[INFORMATION SHOWN]
########################################

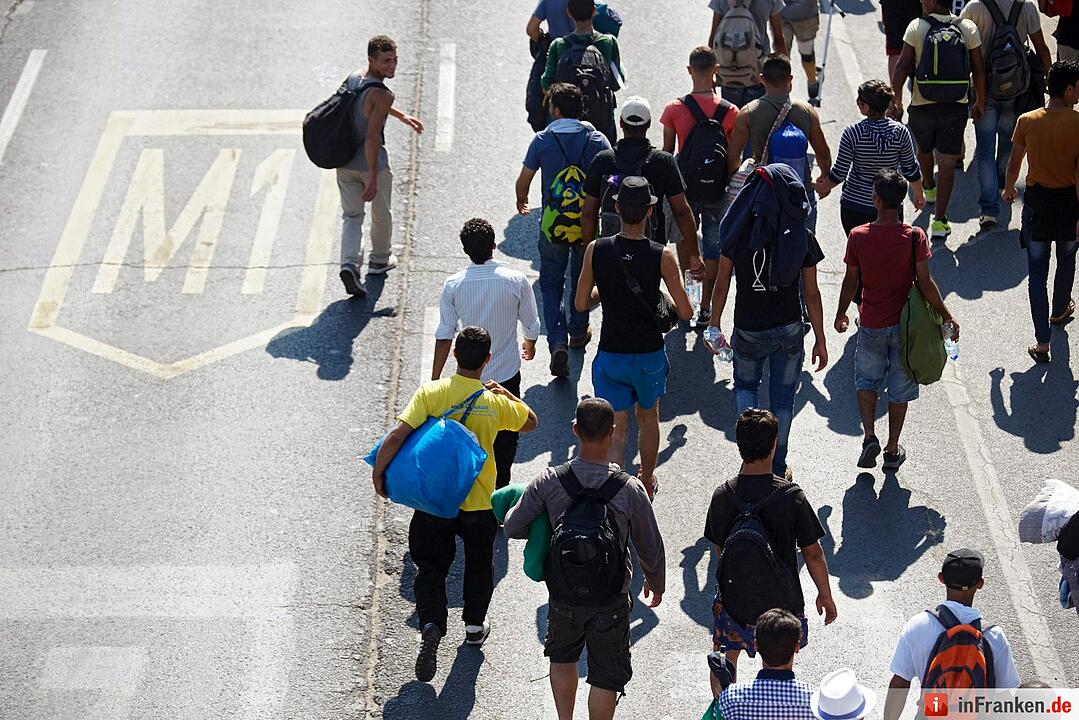 Migrants continue journey through Hungary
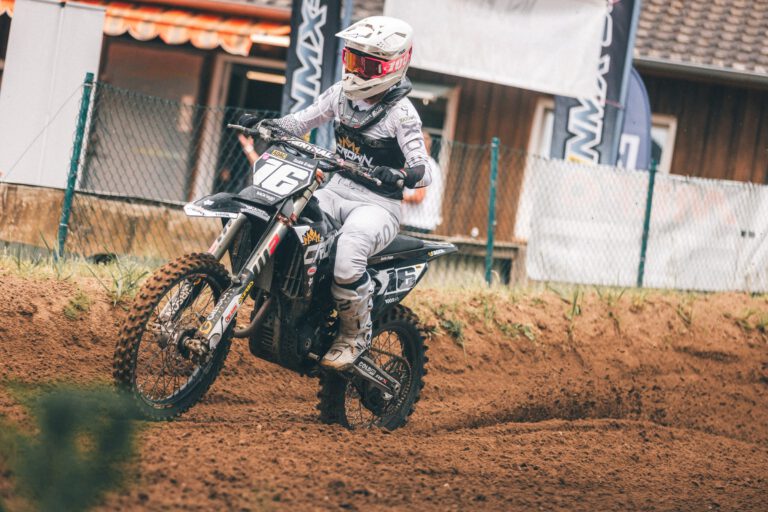 Crown-MX-Fahrer im Rennen beim ADAC NMX-Cup in Elstorf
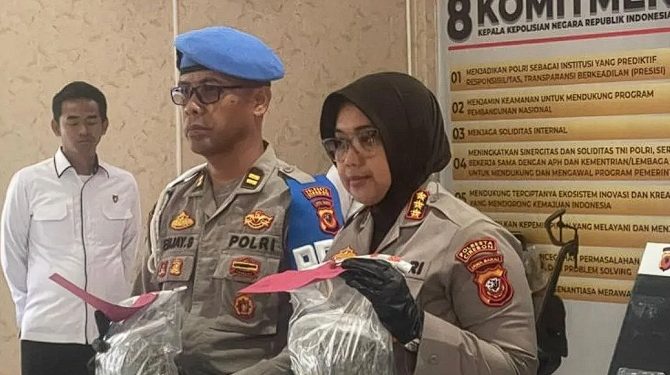 Usai Bekuk 4 Tersangka, Polresta Cirebon Telusuri Pemasok 1,78 kg Ganja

########################################

[EXERCISE REQUIREMENTS] Reproduce the listing above exactly, without a single picture.

[YOUR RESPONSE]
 Migrants continue journey through Hungary
 Crown-MX-Fahrer im Rennen beim ADAC NMX-Cup in Elstorf
 Usai Bekuk 4 Tersangka, Polresta Cirebon Telusuri Pemasok 1,78 kg Ganja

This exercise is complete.